Des constats  tels que rareté des changes, absence de toilette lors des changes, défaut ou erreurs d’hygiène, technique de toilette inadaptée, restent plutôt rares et associés à des situations psychologiques et/ou sociales particulières, justifiant un travail commun avec l’équipe de PMI.

Par contre l’excès de toilettes, l’abus ou l’inadéquation des produits de soins, certaines affections (intestinales, ORL) peuvent être responsables de ce que la mère cherche justement à éviter.

– L’éventail des changes et des produits disponibles est large, et les mères semblent encore peu averties et inégalement sensibles à la composition des produits de soins et cosmétiques achetés pour leur bébé. Le repérage des polluants qu’ils peuvent contenir est insuffisant car perçu comme « compliqué »,et le packaging, l’étiquette, l’aspect et le type du flacon et du produit, son parfum, semblent toujours influencer leurs choix.

 QUE DIRE AUX MERES ?

 

1-EXPLIQUER : la peau du nouveau-né  est  SPECIFIQUE, FRAGILE,  PERMEABLE

SPECIFIQUE :

Si la peau du nouveau-né a la même structure anatomique que celle de l’adulte (épiderme, derme, hypoderme, vaisseaux et nerfs), elle est immature, et d’autant plus que l’enfant est prématuré ; cette immaturité fonctionnelle perdure jusque l’âge de 8-10 ans, et c’est pendant les 3 premières années que la peau est la plus fragile et la plus perméable. Tout nouveau-né et nourrisson peut donc développer un érythème fessier.

 

FRAGILE :    A la naissance :

– La couche cornée de l’épiderme est fine,

– Le derme pauvre en collagène et fibres élastiques est 4 x plus mince que celui de l’adulte

– Les glandes sébacées et sudorales ne fonctionnant pas pleinement, le film protecteur hydro- lipidique est quasi  inexistant, et le pH physiologique facilement altéré.

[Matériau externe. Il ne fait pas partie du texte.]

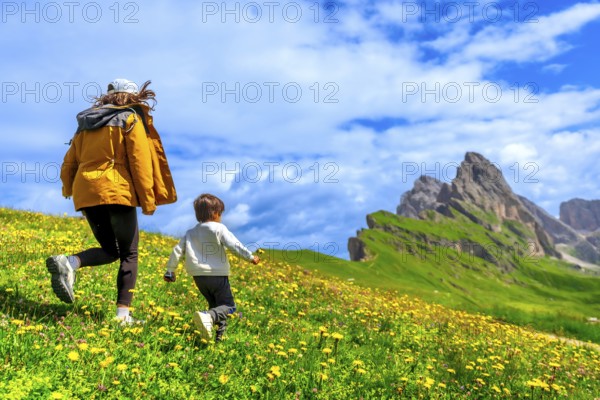 Tourists running on a flowery meadow with the odle and seceda mountains in the background,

– Au niveau du siège, cette peau fine et mal protégée est particulièrement vulnérable du fait du contact des urines au ph très alcalin, des selles acides (surtout en cas de diarrhée) et riches en enzymes et sels biliaires agressifs pour la peau.

– L’hyperhydratation cutanée du siège liée à l’incontinence physiologique  le rend plus vulnérable aux frottements des couches, surtout si elles sont trop serrées ou trop petites.

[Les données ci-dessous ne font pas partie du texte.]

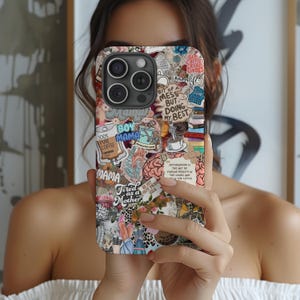 Puede incluir: Una funda de teléfono con un collage de pegatinas, incluyendo textos como "Boy Mama", "Tired as a Mother" y "Bit of a Mess But Doing My Best". El diseño presenta motivos florales, tazas de café y una ilustración de corazón anatómico.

– L’occlusion permanente par les couches dont l’étanchéité est recherchée, crée une  macération qui modifie le pH de la peau, provoque l’activation d’enzymes contenus dans les selles,  transforme l’urine en ammoniaque très irritant, favorisant ainsi  la prolifération  microbienne et fongique d’origine intestinale.

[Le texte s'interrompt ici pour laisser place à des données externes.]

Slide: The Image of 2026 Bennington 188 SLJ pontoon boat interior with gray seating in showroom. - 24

– La compétence immunitaire étant immature est rapidement dépassée, d’où le risque de surinfection.

 

PERMEABLE

– L’insuffisance de la fonction barrière, rend la peau du nouveau-né  particulièrement perméable non seulement aux composants  agressifs de l’urine et des selles, mais aussi à toute substance agressive et/ou toxique  utilisée pour les soins de propreté  et de protection.

– Le rapport surface cutanée-poids du corps est 7 x plus élevé que chez l’adulte, augmentant  notablement la  capacité d’absorption de la peau, d’où la gravité des accidents toxiques systémiques par absorption percutanée de substances toxiques.

– Chez le nouveau-né et le nourrisson, la capacité d’absorption cutanée est augmentée au niveau du siège et particulièrement du scrotum, or les topiques couramment appliqués sur le siège le sont en couche donc concentrés,  avec un effet occlusif qui entrave la fonction barrière de l’épiderme et en augmente l’absorption. De plus, en cas de dermatose, l’absorption  des topiques est encore majorée.
Ces incidences sont particulièrement graves chez le prématuré, dont l’épiderme très mince, a une fonction barrière particulièrement faible, justifiant davantage de vigilance dans l’utilisation  des produits de soins et topiques.

Au total : L’immaturité de la peau du nouveau-né et du nourrisson mérite d’être expliquée aux mères car elle justifie des précautions dans les soins quotidiens. Concernant le siège en particulier, ces soins doivent permettre d’éviter les dermites d’origine naturelle et iatrogène, et les sages-femmes ont un rôle pédagogique majeur dans cette prévention.

                                                                                   

2-PREVENIR : les soins de base 

Pour les raisons précitées, le siège doit être régulièrement lavé et protégé.

 

Réalités et pédagogie

Les sages-femmes confirment que les apprentissages des quelques jours passés en maternité peuvent être insuffisants, surtout pour les primipares.  A domicile, les mères même averties, ont parfois des difficultés à s’organiser, appréhendent les soins, se réfèrent à l’entourage, à internet, aux modes, aux croyances et aux habitudes, et adaptent l’enfant à leur propre timing, au risque de le stresser et de désorganiser ses rythmes. Pour une action éducative efficace, il est donc préférable d’observer d’abord ce que fait la mère, cerner ce qu’elle sait et/ou croit savoir, et  identifier ses besoins, en valorisant toujours  ses compétences afin de la guider et de l’accompagner de façon personnalisée, hors de toute modélisation ou infantilisation.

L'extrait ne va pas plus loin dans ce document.